It does look cool with its waterfalls and splashes of light and color bursting through the clouds, but this brings me to a bit of contention I have with the movie.
When I planned this review I was going to do a new version of “Things Fantasia Fans Are Sick of Hearing”, except there were only four major complaints I could think of that. On further introspection, I admit they are legitimate grievances worth addressing. I’m going to get them out of the way all at once in order to keep things rolling.
#1 – This Seems Familiar…
Certain sequences are noticeably derivative from the first movie. It’s as if they were afraid of trying too many new things that would alienate audiences so they borrowed from their predecessor in an effort to say “Hey, we can do this too!” Symphony #5 is clearly trying to be Tocatta and Fugue with its abstract geometric shapes swooping all over to kick things off. Though I love how much character the animators managed to give two pairs of triangles, Tocatta’s soaring subconscious flights of fancy leaves me more enthralled. Carnival of the Animals literally began as a sequel to Dance of the Hours until the ostriches became flamingoes. And Roy E. Disney openly stated he wanted the last sequence, The Firebird Suite to have the same death and rebirth theme as Night on Bald Mountain/Ave Maria, which they got, right down to a terrifying symbol of destruction emerging from a mountain to wreak chaos.
‘Sup, witches?
#2 – Too Short
Speaking of repeating the past, the original idea for Fantasia 2000 was to follow Walt’s vision in that three favorite segments would make a return amongst the newer ones – the Nutcracker Suite, which was eventually cut for time, Dance of the Hours, which I’ve already stated morphed into Carnival of the Animals, and finally, The Sorcerer’s Apprentice, the obvious choice to keep since that’s the most popular piece out of any of them. Cutting things for time doesn’t make that much sense, however, when you realize that Fantasia 2000’s runtime is only 75 minutes. A very short animated film by today’s standards that lasts barely half as long as its previous installment. I don’t see why they couldn’t keep at least one other sequence from the first Fantasia to make things last a little longer and keep in the original idea’s spirit.

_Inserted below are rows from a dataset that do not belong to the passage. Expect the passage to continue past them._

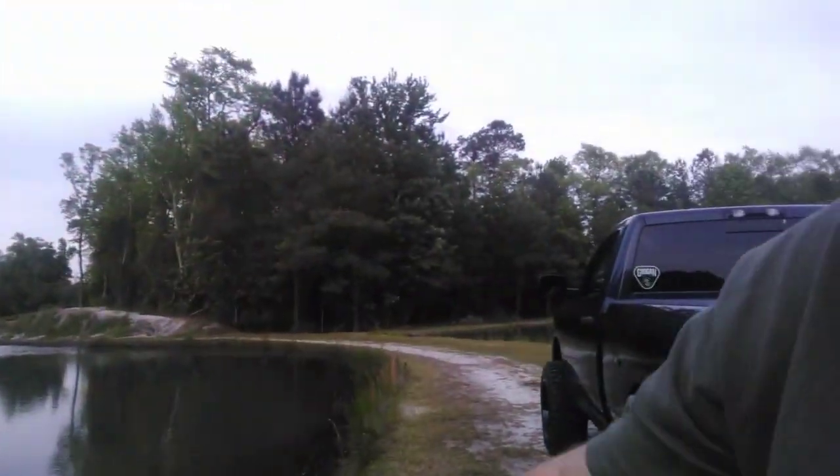All right, y'all, we are here. We are about to put the boat in the water — first time with the Minn Kota Trolling Motor. Got this little creek back here, runs around the corner back there, runs all the way this way. Going to see if we can go ahead and catch a couple of bluegill, shell cracker — panfish, really targeting them today, seeing what's going on with them, see if they're moving up to bed.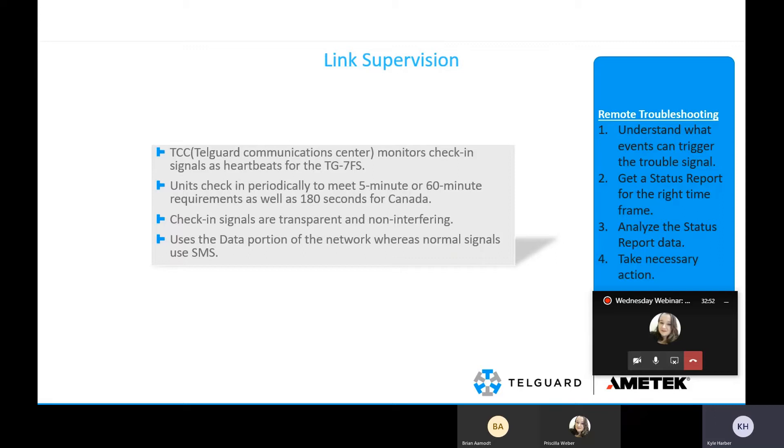We use both sides of the network — SMS is like sending a text message, while data is like sending a picture or getting on Facebook on your phone. This avoids interference by using the data portion for link supervision and SMS to deliver signals to central station. IP is required for ULC 180-second supervision. If you don't already have IPs set up with us, we can get you set up — you can call our technical support and they'll get you connected to one of our two guys who handle IP requests.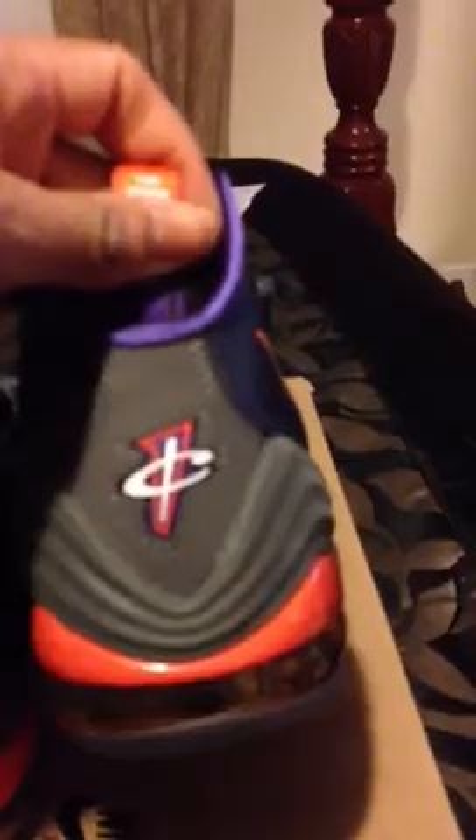On the back, on the left shoe you got 'Part 2 the Heaven Sent' and on the right shoe you got 'the Storm is Over.' You got a Penny logo in the orange, purple, and white. You got a 180 Air Bubble and that's orange.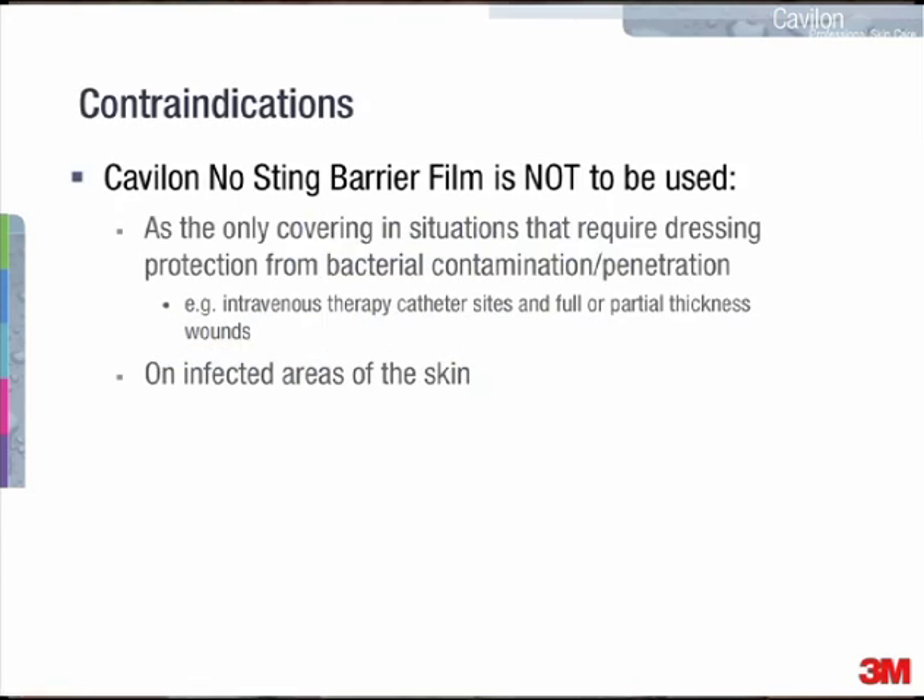Lastly, we have a couple of important contraindications. Cavillan No-Sting Barrier Film is not intended to be used as the only covering in situations that require dressing protection — for example, IV therapy catheter sites or fuller partial thickness wounds where a dressing is required to protect and cover that site. It is also not intended to be used on infected areas of the skin, including areas that may be infected with a yeast infection.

#3 – All Story, No Experimentation
Unlike the first Fantasia, all of the sequences have a linear narrative structure that’s easy to follow. Not a bad thing and kudos to you if you’re among that group who prefers Fantasia 2000 for because of that, but again, I admire how the original film didn’t stick to a coherent story the whole time; how it was unafraid to let the music, atmosphere, and visuals speak for itself without sticking to a three-act plot and designated protagonist for every piece.
#4 – The One You’ve Been Waiting For, The Host Segments
One of the things that turned Fantasia off for its detractors was Deems Taylor’s seemingly dry narration. But maybe Fantasia 2000 can fix that with some folks who are hip and with it, perhaps a wild and crazy guy or two…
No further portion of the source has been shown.